Recherche clinique, Évaluation des Pratiques Professionnelles, Pratiques basées sur des faits prouvés … Quels rapports ?

Jean-Michel Thurin et Monique Thurin

Définir les rapports qu'entretiennent la Recherche clinique, l'Évaluation des Pratiques Professionnelles (EPP) et les Pratiques basées sur des faits prouvés (EBP) devient un exercice de plus en plus complexe car le champ est dans son ensemble en mutation. Peut-on néanmoins en saisir les principaux axes et les tendances ?

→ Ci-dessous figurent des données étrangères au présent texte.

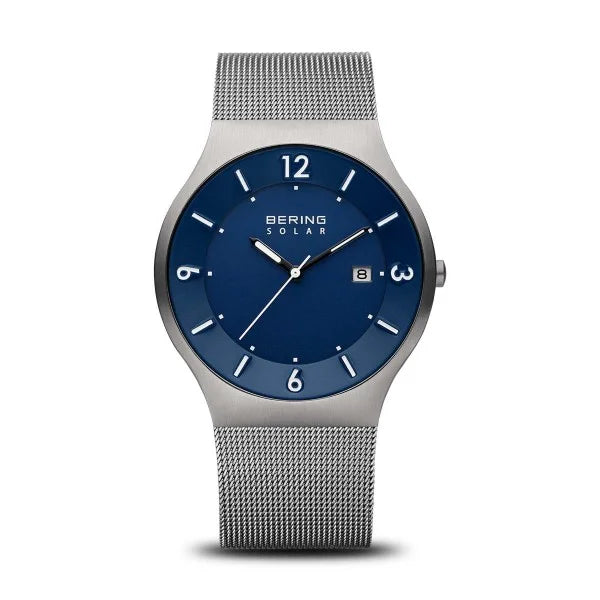Uhr mit blauem Zifferblatt, silbernem Gehäuse und Mesh-Armband, Datumsanzeige bei 3 Uhr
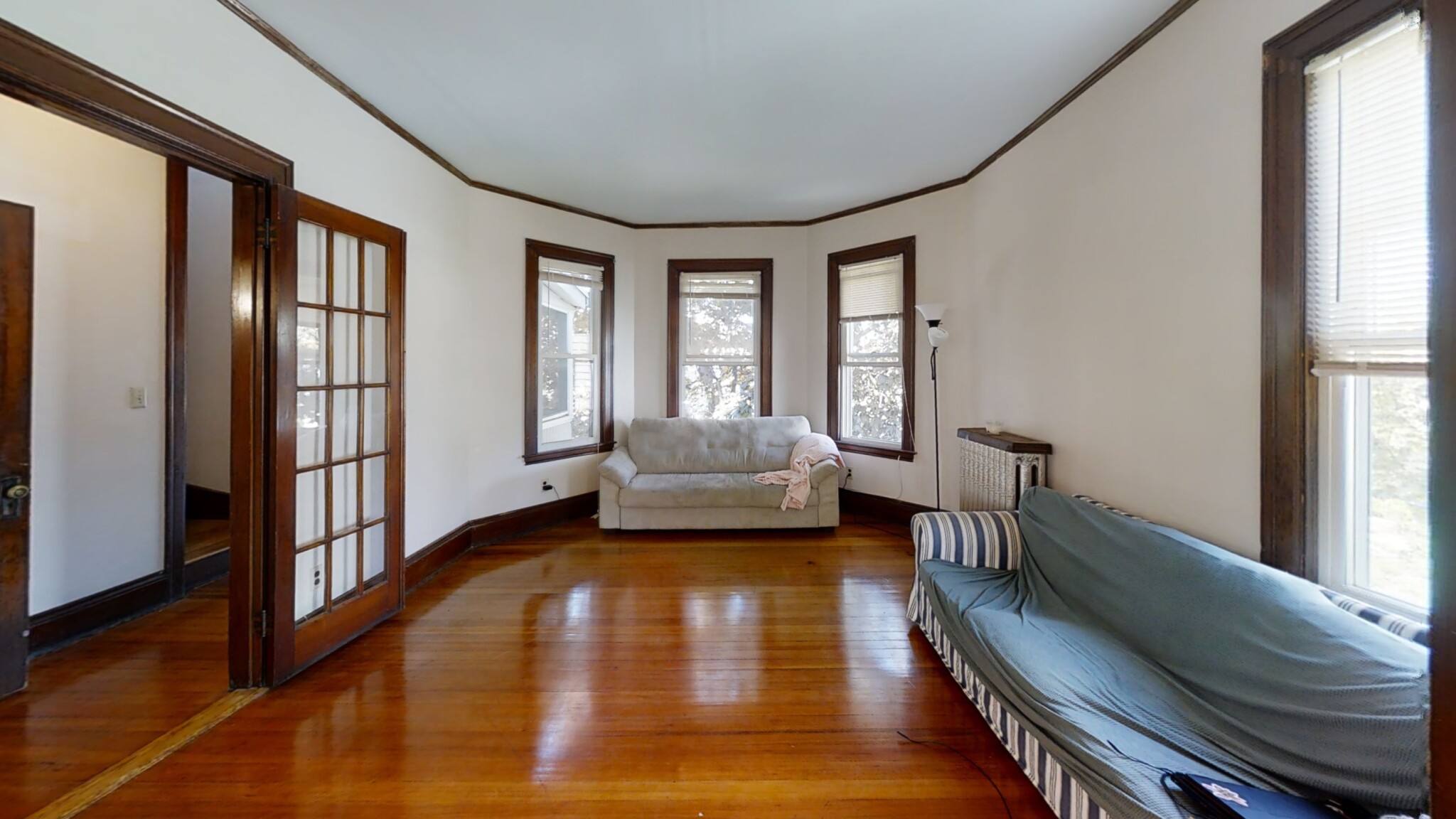 4 bed, 2 bath apartment for rent at 76 Heath St, Somerville — photo 5 of 21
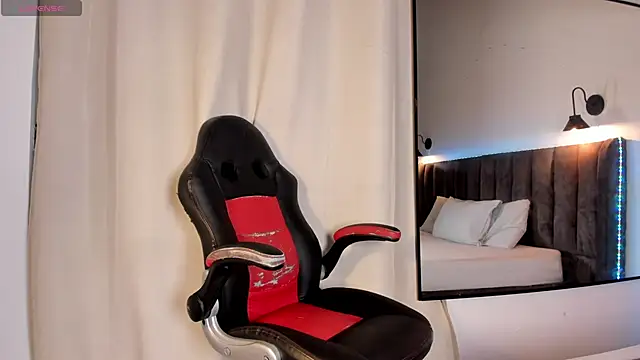 selena  smith1 online show from 15, 3, 2026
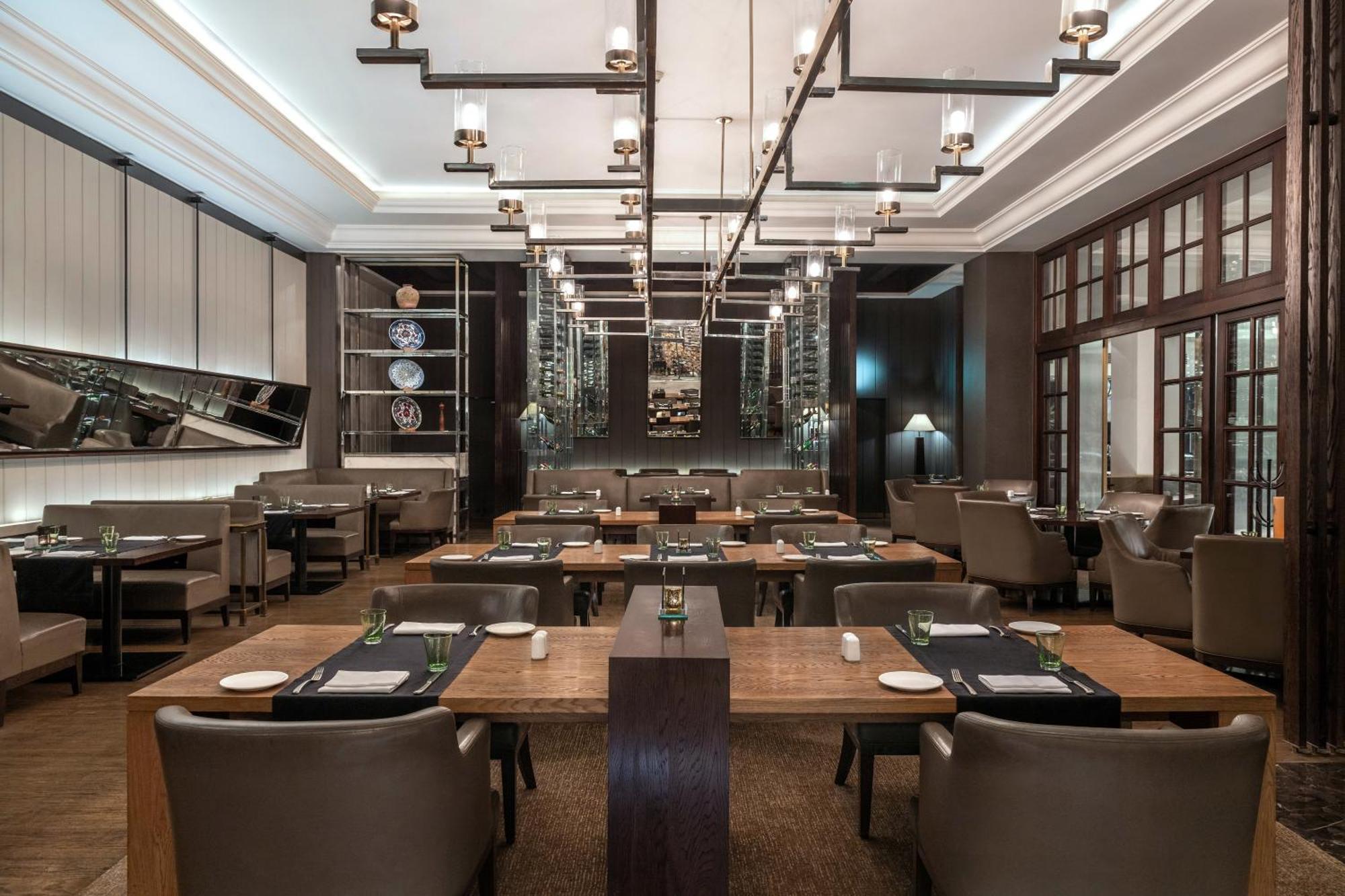Sofitel Cairo Downtown Nile Hotel Екстериор снимка The interior of the restaurant in 2018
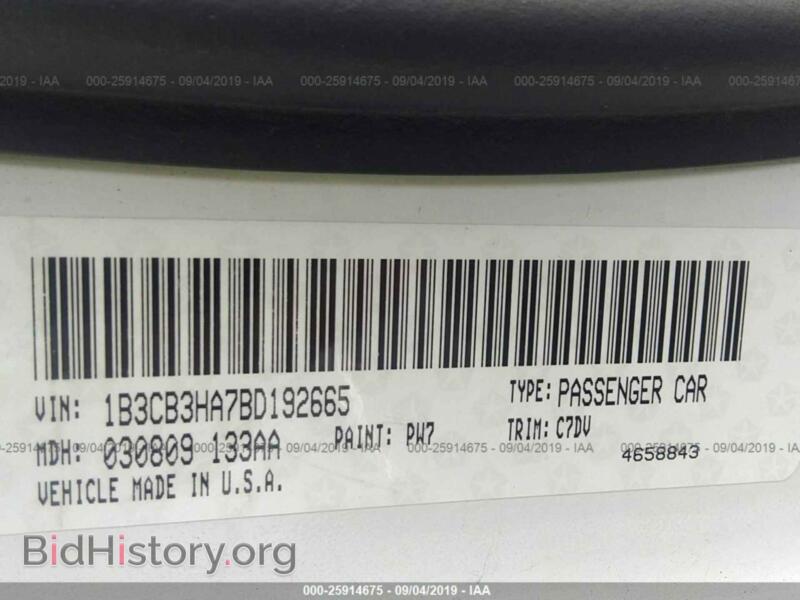 2011 Dodge CALIBER (VIN 1B3CB3HA7BD192665) — фото 9 из 10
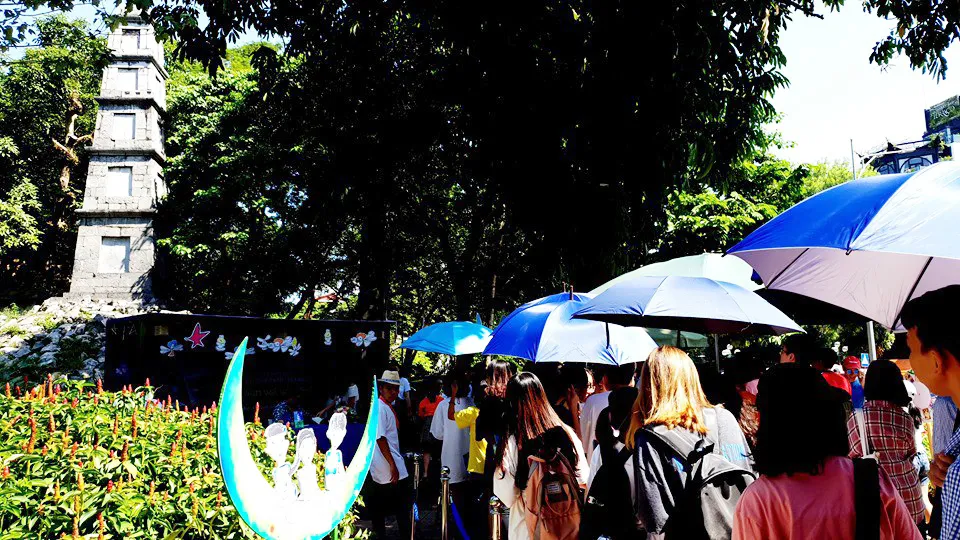 Hàng nghìn bạn đọc Hà Nội say sưa “Làm bạn với bầu trời” ảnh 3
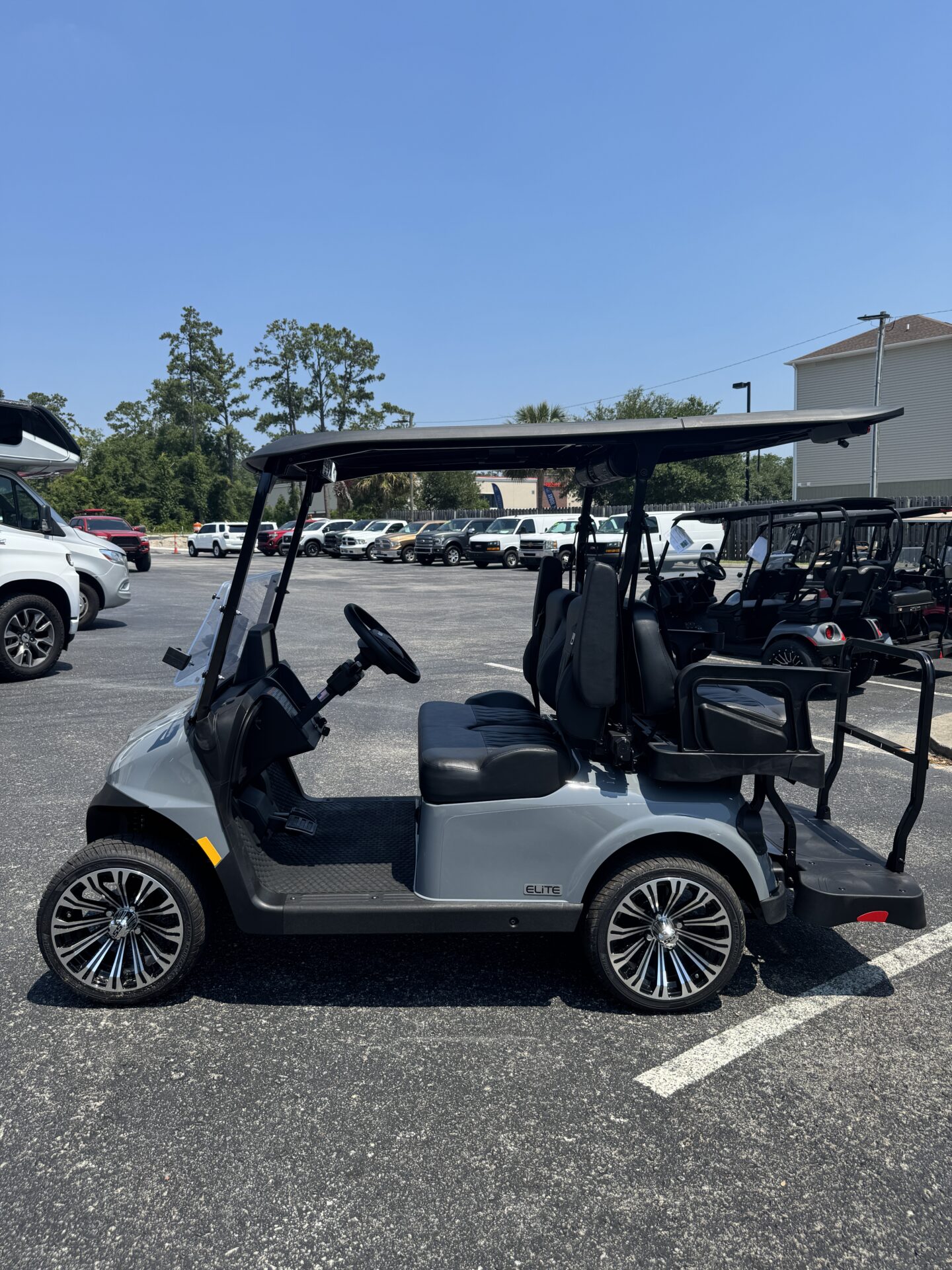 
								2026 E-Z-GO RXV 4 Touring STL Elite Lithium full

- La "recherche clinique" pose déjà un problème de définition : que recouvre au juste ce terme ? Définie de façon générale comme la recherche au lit du malade, on constate vite qu'il y a une grande différence entre "l'étude d'un groupe de patients réunis par un symptôme ou un trouble auxquels on applique de façon aléatoire un traitement bref standardisé pour tester son efficacité par rapporrt à l'absence de traitement ou à un traitement comparable" (recherche clinique expérimentale) et la recherche clinique "liée à la pratique quotidienne du clinicien et de son équipe et qui suppose qu’un temps soit dédié à cette pratique assise sur une solide connaissance méthodologique" (Plan Santé Mentale 2001, chap. 8) qui étudie les résultats ou un aspect particulier d'une approche thérapeutique telle qu'elle est pratiquée dans des conditions naturelles.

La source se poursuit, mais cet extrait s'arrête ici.